It’s that time of year when Year 12 students start to register on UCAS and realise that they may need more evidence of their passion for their chosen subject. This makes it the perfect time for attending a public lecture featuring mathematical heavyweights like Hannah Fry and James Maynard. Especially if the venue is the Science Museum in London.
Even those outside the world of maths will be familiar with Hannah Fry from TV and radio programmes like ‘The Secret Genius of Modern Life’ and ‘The Curious Cases of Rutherford and Fry’. However, in my opinion, James Maynard was the real star of this show, even if he is less well-known in mainstream media. James has achieved a great deal in the mathematical world, including winning a Fields Medal last year.
Many universities host public lectures throughout the year, and since the pandemic, it may be possible to access these live online and after via recordings and podcasts.

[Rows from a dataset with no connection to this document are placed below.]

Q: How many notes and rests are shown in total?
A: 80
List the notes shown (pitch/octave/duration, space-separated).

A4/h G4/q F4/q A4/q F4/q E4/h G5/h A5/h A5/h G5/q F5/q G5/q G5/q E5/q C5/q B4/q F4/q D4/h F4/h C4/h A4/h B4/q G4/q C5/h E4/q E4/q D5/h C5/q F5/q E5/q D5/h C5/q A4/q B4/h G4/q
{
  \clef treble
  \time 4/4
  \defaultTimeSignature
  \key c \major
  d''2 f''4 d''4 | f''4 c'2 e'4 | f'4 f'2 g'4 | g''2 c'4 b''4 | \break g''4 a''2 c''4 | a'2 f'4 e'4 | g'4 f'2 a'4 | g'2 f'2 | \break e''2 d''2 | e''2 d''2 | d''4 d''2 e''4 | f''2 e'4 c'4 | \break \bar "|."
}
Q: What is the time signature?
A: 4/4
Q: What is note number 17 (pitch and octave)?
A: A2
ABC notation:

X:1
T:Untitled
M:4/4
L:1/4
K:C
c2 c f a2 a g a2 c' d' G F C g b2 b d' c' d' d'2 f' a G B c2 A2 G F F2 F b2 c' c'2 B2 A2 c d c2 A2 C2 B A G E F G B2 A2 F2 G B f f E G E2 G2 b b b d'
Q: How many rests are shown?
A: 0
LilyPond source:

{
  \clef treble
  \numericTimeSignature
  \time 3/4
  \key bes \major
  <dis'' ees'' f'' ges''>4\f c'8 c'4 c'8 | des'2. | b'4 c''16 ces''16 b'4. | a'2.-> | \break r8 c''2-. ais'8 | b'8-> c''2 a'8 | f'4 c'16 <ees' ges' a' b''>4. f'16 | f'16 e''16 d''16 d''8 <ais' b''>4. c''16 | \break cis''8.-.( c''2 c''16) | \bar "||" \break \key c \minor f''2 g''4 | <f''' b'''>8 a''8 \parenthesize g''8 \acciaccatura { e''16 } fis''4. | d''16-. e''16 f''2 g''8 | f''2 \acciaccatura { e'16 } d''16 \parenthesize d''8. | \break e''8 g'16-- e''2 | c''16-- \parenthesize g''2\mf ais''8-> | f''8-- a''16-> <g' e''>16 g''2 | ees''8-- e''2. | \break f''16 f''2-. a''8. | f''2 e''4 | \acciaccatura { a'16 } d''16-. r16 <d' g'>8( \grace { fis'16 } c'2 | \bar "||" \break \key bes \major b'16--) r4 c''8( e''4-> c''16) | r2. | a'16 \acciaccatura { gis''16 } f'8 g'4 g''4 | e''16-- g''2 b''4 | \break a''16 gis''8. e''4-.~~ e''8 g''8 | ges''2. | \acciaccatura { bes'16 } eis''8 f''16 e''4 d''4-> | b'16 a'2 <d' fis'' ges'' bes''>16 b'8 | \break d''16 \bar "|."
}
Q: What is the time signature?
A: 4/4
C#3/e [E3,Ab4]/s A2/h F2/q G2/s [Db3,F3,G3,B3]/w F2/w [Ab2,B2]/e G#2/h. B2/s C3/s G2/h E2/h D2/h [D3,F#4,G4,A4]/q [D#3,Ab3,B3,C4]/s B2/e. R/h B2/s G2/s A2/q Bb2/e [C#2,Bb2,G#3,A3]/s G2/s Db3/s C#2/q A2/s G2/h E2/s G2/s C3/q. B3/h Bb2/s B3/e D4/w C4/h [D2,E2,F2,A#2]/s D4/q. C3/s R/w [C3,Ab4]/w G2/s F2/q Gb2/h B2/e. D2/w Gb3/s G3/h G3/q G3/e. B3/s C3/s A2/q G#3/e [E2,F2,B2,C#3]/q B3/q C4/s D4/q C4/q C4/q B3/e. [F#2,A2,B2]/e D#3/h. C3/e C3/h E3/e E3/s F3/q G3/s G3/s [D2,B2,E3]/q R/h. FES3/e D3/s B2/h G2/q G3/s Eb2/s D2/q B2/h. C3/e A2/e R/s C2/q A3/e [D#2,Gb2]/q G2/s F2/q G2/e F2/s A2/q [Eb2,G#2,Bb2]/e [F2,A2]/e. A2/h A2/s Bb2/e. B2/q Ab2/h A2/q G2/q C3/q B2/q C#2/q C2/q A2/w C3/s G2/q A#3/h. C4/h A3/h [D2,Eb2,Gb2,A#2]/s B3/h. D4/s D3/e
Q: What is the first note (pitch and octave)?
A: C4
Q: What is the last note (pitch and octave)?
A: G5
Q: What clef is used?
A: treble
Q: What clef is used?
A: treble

As face-to-face lectures can be hard to get to, seeing icons Hannah Fry and James Maynard live at the Science Museum on the 18 May was quite a treat. The subject, Prime Numbers, has been the focus of James’ groundbreaking work. He explained that his fascination with prime numbers was based on the fact that they are so fundamental (like the atoms of whole numbers) and yet so mysterious. Even simple questions turn out to be very hard to answer, and he gave many examples, including how many “safe” primes there are, where a safe prime is one where (p-1)/2 is also prime.
After the main lecture, James and Hannah sat down for a ‘fireside chat’ (thankfully, there was no actual fire on the warm May evening). Hannah asked insightful questions, allowing the audience to see more of James’ personality, his process when working on maths problems, and some stories from his early childhood that might have foreshadowed his future accomplishments.
The sixth formers around me saw in James a genuine passion for the subject and some helpful reminders of how James immersed himself in a current problem and the importance of switching off and connecting with the real world again. They saw how James channelled his fear of making a humiliating mistake into rigorous checking and how he overcame this fear to participate in the Polymath project. As a teacher, I was most interested to hear how James is driven by the need to understand, first and foremost, rather than by a need for recognition. Also, my students’ only complaint was that James didn’t go into the mathematics deeply enough – it is reassuring that they also have a thirst for understanding.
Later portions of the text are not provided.